One would have no difficulty standing on one foot while explaining the meaning of Islam—the ­Shahada: “There is no god but God, and Muhammad is his messenger.” Things become more complicated if one moves east from the monotheisms of western Asia, but I could suggest a similar procedure to explain Hinduism and Buddhism (though not here, not here!). Is there a comparable standing-on-one-foot explanation of the meaning of the Gospel? I think yes: “Christ is risen.” Then, of course, there are many questions—Hillel’s “commentary.” Who is Christ? Was the tomb empty? Was the body of the risen Christ a revived corpse or (as the New Testament suggests) a very different sort of body? What is the meaning of Christ’s Resurrection for human hope beyond death? For all of creation? But this Easter proclamation is the core of the Gospel. In the words of the Apostle Paul, “If Christ is not risen, our preaching is in vain, as your faith is in vain” (l Cor.15:14).

But what about all the other miracles recounted in the New Testament? Did Jesus walk on the water of the Sea of Galilee? If he was what I believe he was, I would not exclude the possibility. But my faith would certainly not be in vain if it turned out that he didn’t. Once more, pluralism forces me to discern what’s really at stake in my faith, freeing me from a false emphasis on what’s less decisive.

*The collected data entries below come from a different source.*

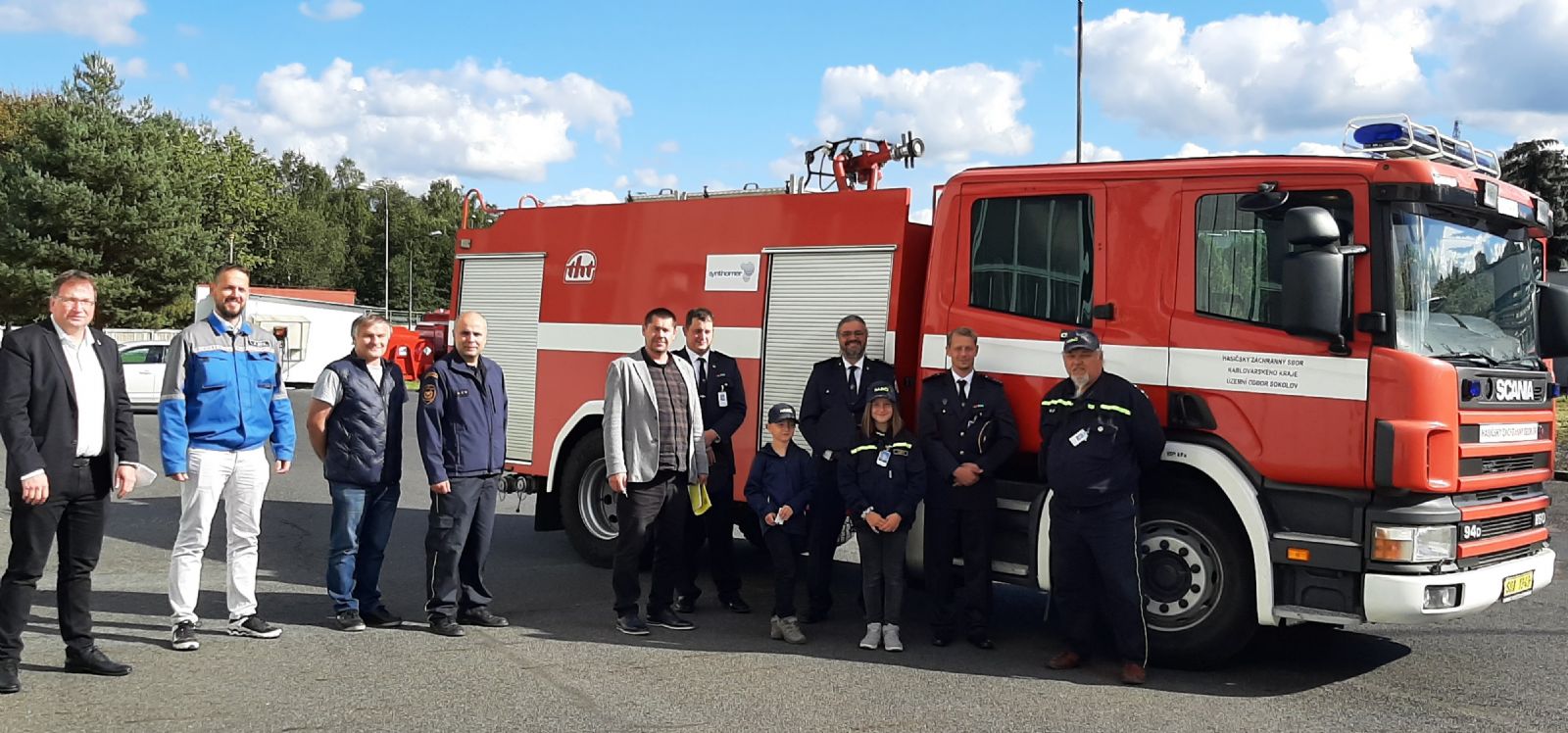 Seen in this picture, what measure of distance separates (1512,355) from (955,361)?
2.75 m

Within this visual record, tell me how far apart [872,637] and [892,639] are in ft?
0.39

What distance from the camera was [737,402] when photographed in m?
7.79

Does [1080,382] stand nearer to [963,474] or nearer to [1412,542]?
[963,474]

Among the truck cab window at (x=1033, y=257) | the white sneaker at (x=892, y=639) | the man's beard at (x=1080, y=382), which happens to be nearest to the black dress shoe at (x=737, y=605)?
the white sneaker at (x=892, y=639)

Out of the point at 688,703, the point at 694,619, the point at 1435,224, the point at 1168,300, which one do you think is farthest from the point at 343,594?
the point at 1435,224

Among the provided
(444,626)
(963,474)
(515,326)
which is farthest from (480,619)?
(515,326)

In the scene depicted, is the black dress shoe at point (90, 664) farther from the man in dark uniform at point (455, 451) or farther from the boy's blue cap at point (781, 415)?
the boy's blue cap at point (781, 415)

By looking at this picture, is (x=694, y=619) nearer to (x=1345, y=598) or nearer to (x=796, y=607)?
(x=796, y=607)

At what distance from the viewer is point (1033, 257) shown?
7.00 m

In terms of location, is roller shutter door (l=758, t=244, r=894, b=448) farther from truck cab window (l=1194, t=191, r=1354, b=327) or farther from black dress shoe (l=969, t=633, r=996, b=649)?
truck cab window (l=1194, t=191, r=1354, b=327)

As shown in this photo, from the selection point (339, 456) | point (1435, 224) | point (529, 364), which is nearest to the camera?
point (1435, 224)

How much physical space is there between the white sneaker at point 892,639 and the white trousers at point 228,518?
131 inches

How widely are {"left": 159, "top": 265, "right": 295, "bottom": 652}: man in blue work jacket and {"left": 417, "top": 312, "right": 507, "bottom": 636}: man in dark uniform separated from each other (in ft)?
2.59

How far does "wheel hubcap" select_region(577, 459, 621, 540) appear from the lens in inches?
363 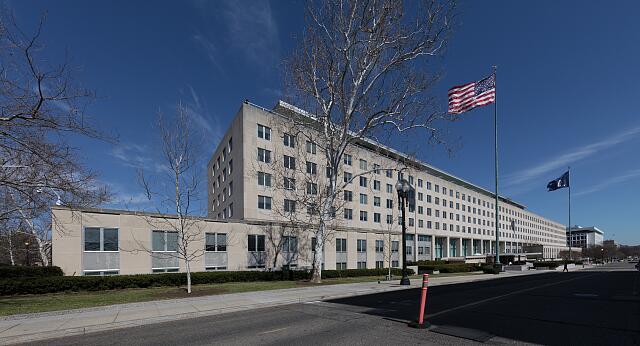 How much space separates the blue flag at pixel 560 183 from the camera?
5325 centimetres

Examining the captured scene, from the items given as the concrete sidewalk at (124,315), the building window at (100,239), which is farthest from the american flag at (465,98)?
the building window at (100,239)

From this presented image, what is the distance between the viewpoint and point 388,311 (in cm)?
1073

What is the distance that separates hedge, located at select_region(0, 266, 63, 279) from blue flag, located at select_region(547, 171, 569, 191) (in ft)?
200

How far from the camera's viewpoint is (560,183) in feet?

I started out with sociology. Let me end with theology in the form of a story from the unlamented history of the Soviet Union. From time to time, the Communist party conducted campaigns to propagate “scientific atheism.” On one such occasion, all the inhabitants of a village, including the local Orthodox priest, had to assemble in front of the church to listen to an hour-long lecture about the illusions of religion. Then the commissar made a generous gesture and said that the priest had five minutes for a rebuttal. The priest came forward and said, “I don’t need five minutes.” He then turned to the assembled villagers and said, “Christ is risen!” They replied with the proper liturgical formula: “He is risen indeed!” The priest then returned to his place in the congregation. We should appreciate the way in which pluralism can bring us to what really and finally matters most for our faith.

Peter L. Berger is emeritus professor of sociology at Boston University.